Phoenix earned an Oscar nomination for Best Actor for his performance, and "The Master" is widely considered to be one of the best films of the 21st century.

7. The Immigrant

Directed by James Gray, "The Immigrant" tells the story of Ewa (Marion Cotillard), a Polish woman who arrives at Ellis Island with her sister, Magda (Angela Sarafyan), intending to build a new life in America. But when Magda is threatened with deportation due to her health, Ewa faces an uncertain future. But then, she's noticed by Bruno (Phoenix), a seemingly kind man who offers to help Ewa with her plight. Unfortunately, Bruno has ulterior motives, and in her desperation, Ewa is tricked into the life of a sex worker. But when she meets the illusionist Emil (Jeremy Renner), she wonders if she might be able to find a way out.

Sadly, this 2013 melodrama didn't fare particularly well at the box office, but critics were very impressed with the grand scope of the film and its gorgeous cinematography and rich atmosphere. And as for the stars, Tom Long of Detroit News pointed out the film is "elevated by Gray's sure hand and made more by Phoenix and Cotillard, lovers and haters and something beyond."

6. The Sisters Brothers

"The Sisters Brothers" isn't your typical Western, but it does feature a fantastic performance from Phoenix. Based on Patrick deWitt's acclaimed novel, the film follows brothers Eli (John C. Reilly) and Charlie Sisters (Phoenix), assassins roving the American West. They're pursuing two men (Riz Ahmed and Jake Gyllenhaal) who've teamed up to search for gold, and the dangerous chase quickly turns bloody.
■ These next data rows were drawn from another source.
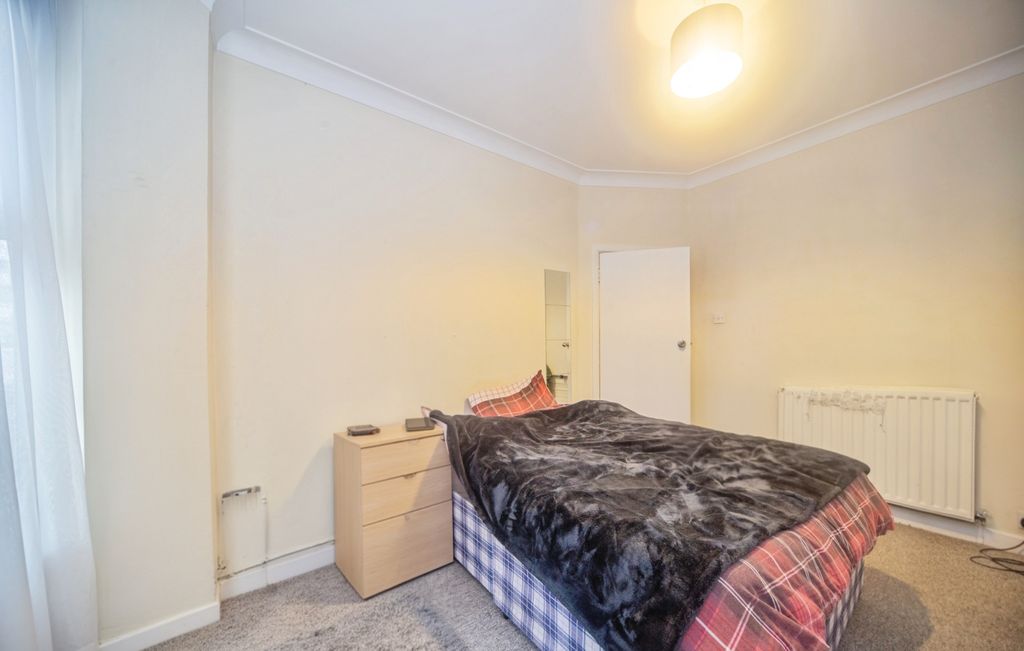 Additional image 14 of 4 bed semi-detached house for saleDevonshire Road, Southampton SO15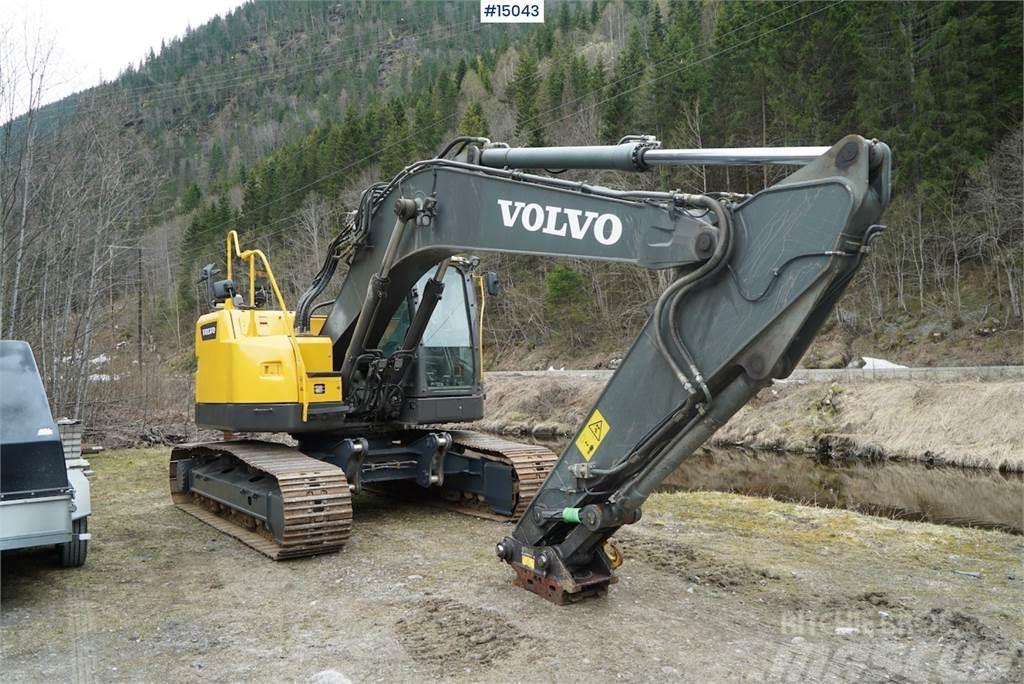 Volvo ECR235DL Excavator w/ bucket and rotor tilt. Rupsgraafmachines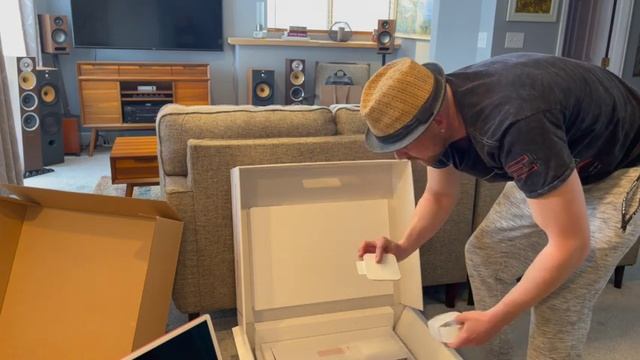 Unboxing 24" iMac (parody) смотреть онлайн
Unfortunately, "The Sisters Brothers" was a complete box office bomb. Compared to its budget of $38 million, it only grossed about $14 million. But despite the fact that it didn't draw in big audiences, critics raved about the film. Although it's an unrelentingly dark film, the casting was spot on. "It's a measure of the four exceptional central performances (from Reilly, Phoenix, Gyllenhaal and Ahmed) that the film remains so engaging in spite of its narrative digressions and moments of very bleak violence," wrote critic Geoffrey Macnab in a review for The Independent.

5. To Die For

In 1990, Pamela Smart was sentenced to life in prison for conspiring to murder her husband with the help of high school student she'd been having an affair with. Because this was one of the first trials where TV cameras were allowed into the courtroom, her case received lots of publicity. Author Joyce Maynard wrote a novel inspired by the case, titled "To Die For," and in 1995, director Gus Van Sant adapted her book into a film.

In "To Die For," Phoenix has a supporting role as Jimmy Emmett, a teenager who participates in a documentary project. The director, Suzanne Stone (Nicole Kidman), desperately wants to be famous, and she believes that her husband is standing in her way. So, she decides to seduce Jimmy, hoping that she can get him to do her bidding and rid her of her husband.
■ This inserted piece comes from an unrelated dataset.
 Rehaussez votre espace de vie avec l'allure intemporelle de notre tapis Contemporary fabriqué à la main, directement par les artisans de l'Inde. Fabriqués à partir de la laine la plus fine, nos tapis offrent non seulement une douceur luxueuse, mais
"To Die For" toes the line between a black comedy and a disturbing drama. And even though it was one of his earlier roles, Phoenix was already proving his incredible talent, with critic Owen Gleiberman saying, "As Jimmy, the teen sap who falls hard for Suzanne, Joaquin Phoenix is dead-eyed yet touchingly vulnerable — a mush-mouthed angel."

4. You Were Never Really Here

Based on Jonathan Ames' novella, "You Were Never Really Here" stars Joaquin Phoenix as Joe, a hired gun who rescues girls trapped in human trafficking rings. He's known for using particularly violent methods, and he's often haunted by disturbing flashbacks from his past. But his life takes an even darker turn when he's hired to rescue the abducted daughter of a state senator. As Joe arms himself and sets out on a bloody rescue mission, he realizes there's a conspiracy afoot, one that involves higher levels of government and people who'll do anything to keep their sins a secret.

Directed by Lynne Ramsay, this psychological thriller is one of Phoenix's all-time best performances. Even though Phoenix is great in over-the-top roles, "You Were Never Really Here" finds him playing a much quieter character — watching, simmering, and waiting to explode. The result, as film critic Priscilla Page puts it, is a film that's "a reimagining of masculinity and the narratives that romanticize it," and if you want to really see the breadth of Phoenix's range, you should definitely check out this dark, disturbing film.

3. Parenthood

Featuring one of Joaquin Phoenix's earliest performances, "Parenthood" is an ensemble family comedy that pokes fun at the many trials and Kodak moments that every parent is familiar with. The cast is full of talented actors, including big names like Steve Martin, Keanu Reeves, and Rick Moranis. As for Phoenix, he plays Garry, a teenage boy trying to navigate this awkward phase of life without a father figure.

Overall, critics loved "Parenthood." It was praised for its relatability, even when the characters were involved in exaggerated situations, as well as for the strong performances from everyone involved. David Nusair of Reel Film Reviews described it as "an engaging and often engrossing picture that benefits substantially from the efforts of a uniformly superb cast." And while it isn't your typical Phoenix movie, it's still a great comedy, and it's a fun look at how the Oscar-winning A-lister got his start.

2. Hotel Rwanda

The 2004 drama "Hotel Rwanda" tells the true story of Paul Rusesabagina (Don Cheadle) and his wife, Tatiana (Sophie Okonedo), who protected over 1,200 people at their hotel during the Rwandan genocide in 1994. It's a tale of remarkable courage in the face of brutality.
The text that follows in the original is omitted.